“What Should We Watch Tonight?” On the Concept of Choice Architecture
Eric Johnson Unpacks the Theory Behind Everyday Decisions
It is an illusion, really, that we alone determine what we choose. You walk into a restaurant and order a sandwich. Your spouse asks you what movie you want to see. Your doctor asks if you want to try a new drug to control your cholesterol. You search for a flight home for the holidays. You select an investment fund from your employer’s retirement plan. You may not realize it, but in each choice, you have a hidden partner.
You choose something, but the restaurant, your spouse, the doctor, the airline’s website, and your employer have all made decisions about how to pose those choices to you. Their design decisions will influence, intentionally or not, what you choose. The restaurant organized the sandwich options you saw, maybe with vegetarian on the right, meat on the left. Your spouse suggested some possible movies, but left others out. The doctor decided how to describe the consequences, side effects, and benefits of the drugs you could take to control your cholesterol. The website decided how to sort the flights and whether to present certain pieces of information, like the on‑time performance of the flights and the baggage fees. And finally, your employer had a fund it would use for your retirement account if you did not make a choice.

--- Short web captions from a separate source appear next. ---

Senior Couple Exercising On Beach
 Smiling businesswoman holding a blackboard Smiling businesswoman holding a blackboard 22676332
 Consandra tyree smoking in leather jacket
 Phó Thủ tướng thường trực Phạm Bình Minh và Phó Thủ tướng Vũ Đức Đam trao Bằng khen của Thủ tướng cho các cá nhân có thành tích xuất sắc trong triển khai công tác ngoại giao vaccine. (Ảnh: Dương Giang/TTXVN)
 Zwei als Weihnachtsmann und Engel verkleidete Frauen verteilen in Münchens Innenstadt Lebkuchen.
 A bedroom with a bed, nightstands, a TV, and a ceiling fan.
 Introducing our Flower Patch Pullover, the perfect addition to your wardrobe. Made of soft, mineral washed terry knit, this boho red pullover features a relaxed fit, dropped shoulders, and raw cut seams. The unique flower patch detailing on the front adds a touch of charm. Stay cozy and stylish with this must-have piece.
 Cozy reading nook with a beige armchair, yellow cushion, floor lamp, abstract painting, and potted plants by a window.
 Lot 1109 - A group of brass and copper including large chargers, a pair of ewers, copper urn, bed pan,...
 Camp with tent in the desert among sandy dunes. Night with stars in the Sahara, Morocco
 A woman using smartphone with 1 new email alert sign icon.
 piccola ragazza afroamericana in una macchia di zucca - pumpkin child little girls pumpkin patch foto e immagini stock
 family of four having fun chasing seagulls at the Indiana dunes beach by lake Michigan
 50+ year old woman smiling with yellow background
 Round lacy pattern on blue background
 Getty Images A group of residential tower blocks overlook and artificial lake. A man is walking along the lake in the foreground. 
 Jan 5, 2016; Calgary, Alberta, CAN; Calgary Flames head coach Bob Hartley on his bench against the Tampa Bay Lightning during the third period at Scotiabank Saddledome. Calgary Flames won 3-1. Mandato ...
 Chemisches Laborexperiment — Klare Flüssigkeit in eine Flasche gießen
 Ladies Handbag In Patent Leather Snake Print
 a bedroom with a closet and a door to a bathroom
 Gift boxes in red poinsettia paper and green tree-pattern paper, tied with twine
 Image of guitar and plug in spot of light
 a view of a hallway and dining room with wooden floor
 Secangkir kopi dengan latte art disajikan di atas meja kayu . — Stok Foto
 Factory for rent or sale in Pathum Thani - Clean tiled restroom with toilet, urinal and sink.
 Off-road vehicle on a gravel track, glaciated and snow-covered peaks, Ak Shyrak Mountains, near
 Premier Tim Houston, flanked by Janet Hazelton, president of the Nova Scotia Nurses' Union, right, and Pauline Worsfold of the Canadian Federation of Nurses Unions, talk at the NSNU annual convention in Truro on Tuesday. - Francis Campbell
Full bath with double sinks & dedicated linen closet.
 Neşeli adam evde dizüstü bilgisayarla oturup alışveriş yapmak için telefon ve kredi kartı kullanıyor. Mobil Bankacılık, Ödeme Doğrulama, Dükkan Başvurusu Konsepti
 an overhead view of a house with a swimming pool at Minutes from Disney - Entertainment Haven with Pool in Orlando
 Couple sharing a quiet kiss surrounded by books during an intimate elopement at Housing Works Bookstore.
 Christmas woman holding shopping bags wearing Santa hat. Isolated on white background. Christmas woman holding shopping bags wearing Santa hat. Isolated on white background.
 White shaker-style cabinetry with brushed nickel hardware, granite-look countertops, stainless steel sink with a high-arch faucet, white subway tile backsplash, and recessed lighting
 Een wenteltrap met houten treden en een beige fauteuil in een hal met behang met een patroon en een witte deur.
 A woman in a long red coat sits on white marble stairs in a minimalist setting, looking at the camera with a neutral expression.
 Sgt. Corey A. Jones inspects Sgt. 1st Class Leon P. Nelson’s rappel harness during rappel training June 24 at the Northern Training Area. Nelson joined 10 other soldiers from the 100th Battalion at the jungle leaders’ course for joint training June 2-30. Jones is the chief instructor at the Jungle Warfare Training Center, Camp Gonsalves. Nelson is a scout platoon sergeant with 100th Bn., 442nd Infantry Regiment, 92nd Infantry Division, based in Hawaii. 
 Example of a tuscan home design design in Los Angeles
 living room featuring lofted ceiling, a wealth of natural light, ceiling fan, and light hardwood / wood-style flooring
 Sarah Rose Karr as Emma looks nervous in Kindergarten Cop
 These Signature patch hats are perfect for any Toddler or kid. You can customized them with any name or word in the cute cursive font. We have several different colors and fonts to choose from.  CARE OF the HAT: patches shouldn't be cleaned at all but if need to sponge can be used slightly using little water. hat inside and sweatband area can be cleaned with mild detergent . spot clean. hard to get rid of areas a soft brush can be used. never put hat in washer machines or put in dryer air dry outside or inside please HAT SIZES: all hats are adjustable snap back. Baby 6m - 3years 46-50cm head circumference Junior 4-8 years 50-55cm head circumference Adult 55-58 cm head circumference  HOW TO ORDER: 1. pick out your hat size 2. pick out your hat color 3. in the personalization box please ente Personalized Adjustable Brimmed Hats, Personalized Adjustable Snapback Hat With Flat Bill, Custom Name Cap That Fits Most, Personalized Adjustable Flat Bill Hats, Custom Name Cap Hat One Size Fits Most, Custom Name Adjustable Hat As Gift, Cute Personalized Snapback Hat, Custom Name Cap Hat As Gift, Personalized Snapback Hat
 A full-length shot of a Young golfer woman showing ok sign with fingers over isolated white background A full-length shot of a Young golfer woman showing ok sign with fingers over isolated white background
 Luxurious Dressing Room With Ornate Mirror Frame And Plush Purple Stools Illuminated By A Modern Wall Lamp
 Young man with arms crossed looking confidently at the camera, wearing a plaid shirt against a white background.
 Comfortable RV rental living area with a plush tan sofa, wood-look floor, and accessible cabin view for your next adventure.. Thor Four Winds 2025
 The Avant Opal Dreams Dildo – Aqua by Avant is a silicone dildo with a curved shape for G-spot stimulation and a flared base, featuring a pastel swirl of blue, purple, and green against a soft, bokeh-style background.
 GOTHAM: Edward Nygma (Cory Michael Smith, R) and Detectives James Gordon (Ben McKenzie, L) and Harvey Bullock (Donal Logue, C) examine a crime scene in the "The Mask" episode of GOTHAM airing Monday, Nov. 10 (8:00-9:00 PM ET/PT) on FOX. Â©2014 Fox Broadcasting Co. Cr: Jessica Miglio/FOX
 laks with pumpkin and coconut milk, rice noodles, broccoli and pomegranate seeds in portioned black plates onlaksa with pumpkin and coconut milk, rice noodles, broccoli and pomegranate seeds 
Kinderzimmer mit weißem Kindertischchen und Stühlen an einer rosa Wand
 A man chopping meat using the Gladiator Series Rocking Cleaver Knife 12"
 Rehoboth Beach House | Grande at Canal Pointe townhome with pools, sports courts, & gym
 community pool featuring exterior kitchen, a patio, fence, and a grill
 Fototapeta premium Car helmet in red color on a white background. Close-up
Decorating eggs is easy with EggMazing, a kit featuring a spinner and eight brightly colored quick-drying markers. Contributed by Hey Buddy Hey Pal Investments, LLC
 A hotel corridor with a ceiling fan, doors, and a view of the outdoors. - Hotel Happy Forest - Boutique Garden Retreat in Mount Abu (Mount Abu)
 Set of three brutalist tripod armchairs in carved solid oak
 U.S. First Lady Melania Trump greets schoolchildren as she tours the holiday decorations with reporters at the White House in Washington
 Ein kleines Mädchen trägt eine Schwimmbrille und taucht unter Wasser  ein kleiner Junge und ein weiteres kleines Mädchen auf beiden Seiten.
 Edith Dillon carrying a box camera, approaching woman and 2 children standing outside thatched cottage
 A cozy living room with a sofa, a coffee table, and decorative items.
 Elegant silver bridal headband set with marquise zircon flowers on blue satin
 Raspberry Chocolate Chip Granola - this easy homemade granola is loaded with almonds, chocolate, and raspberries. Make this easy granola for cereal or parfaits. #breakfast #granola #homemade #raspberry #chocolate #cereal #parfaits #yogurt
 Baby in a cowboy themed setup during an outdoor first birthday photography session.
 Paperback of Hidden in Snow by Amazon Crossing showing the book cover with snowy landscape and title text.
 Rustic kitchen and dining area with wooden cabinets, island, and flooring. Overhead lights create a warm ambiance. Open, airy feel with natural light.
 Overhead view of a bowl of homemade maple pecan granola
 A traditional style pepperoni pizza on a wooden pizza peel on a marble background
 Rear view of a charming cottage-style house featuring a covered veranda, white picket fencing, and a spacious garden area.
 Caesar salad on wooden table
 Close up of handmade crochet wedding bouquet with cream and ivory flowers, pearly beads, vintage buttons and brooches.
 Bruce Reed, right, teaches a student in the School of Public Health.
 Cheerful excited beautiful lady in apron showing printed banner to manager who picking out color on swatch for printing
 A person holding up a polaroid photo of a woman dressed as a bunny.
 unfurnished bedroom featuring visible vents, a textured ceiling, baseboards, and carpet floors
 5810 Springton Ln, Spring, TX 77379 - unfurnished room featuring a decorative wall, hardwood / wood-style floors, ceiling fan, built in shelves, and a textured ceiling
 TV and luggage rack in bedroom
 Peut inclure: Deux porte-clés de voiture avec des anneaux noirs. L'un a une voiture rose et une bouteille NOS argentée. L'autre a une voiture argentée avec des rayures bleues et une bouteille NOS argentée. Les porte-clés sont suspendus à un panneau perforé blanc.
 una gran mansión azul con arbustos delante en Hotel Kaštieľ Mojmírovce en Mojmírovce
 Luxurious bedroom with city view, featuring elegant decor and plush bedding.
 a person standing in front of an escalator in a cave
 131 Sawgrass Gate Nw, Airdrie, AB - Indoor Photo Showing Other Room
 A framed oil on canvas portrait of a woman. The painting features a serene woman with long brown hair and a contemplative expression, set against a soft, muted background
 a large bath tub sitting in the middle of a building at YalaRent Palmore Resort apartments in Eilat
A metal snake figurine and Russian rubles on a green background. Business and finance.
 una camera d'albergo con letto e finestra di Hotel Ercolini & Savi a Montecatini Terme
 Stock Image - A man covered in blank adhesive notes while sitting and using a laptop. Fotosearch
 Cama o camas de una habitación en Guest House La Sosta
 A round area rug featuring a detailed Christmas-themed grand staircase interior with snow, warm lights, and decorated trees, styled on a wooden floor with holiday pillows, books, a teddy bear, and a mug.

We might vaguely agree that external factors influence our choices, but we don’t appreciate that there are large and systematic ways in which presentation can change what we choose. Years of research have shown again and again that the way choices are posed affects our actions. We’re much more likely to choose a retirement fund if the employer’s website preselects that option for us. We make different choices if our doctor says that serious side effects occur in 1 percent of cases, as opposed to saying there are no side effects in 99 percent of cases. And while you might be convinced that you are picking the sandwich, many things about the menu, like the order of items and the headings of the categories, helped you make that choice.
All these details are part of something called choice architecture, the many aspects of how a choice is posed that can be manipulated, intentionally or inadvertently, to influence the decisions we make. The options may be the same, but the presentation can change your choice.
Before you make a decision, someone has molded many of the characteristics of that choice for you, and these design decisions will in some way affect what you choose. This book takes a close look at exactly how the way choices are presented can change the decision‑making process. Whether they realize it or not, the people who present those choices—the restaurant owner, your spouse, your doctor, your employer—are choice architects. Stated more simply, choice architects are the designers of the decisions you make, just as you are the designer of countless choices for others and for yourself. To keep things simple, I will call the choice architects designers and the people making decisions choosers.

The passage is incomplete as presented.